* [Work instruction]: All that is wanted is the line with "TOYOTA SIENNA" and each line after it to the end of the data below, set down exactly and without pictures.
── Available data ──
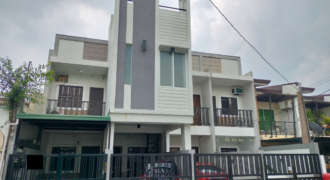 Town House For Sale In Better Living Paranaque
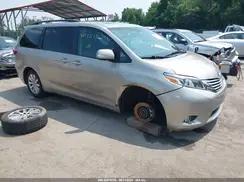 TOYOTA SIENNA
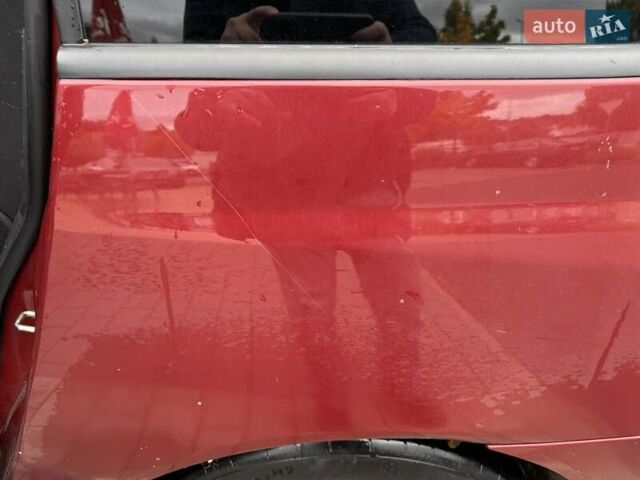 Червоний Рено Гранд Еспейс, об'ємом двигуна 2 л та пробігом 442 тис. км за 5246 $, фото 3 на Automoto.ua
───
* [Reply to the task]:
 TOYOTA SIENNA
 Червоний Рено Гранд Еспейс, об'ємом двигуна 2 л та пробігом 442 тис. км за 5246 $, фото 3 на Automoto.ua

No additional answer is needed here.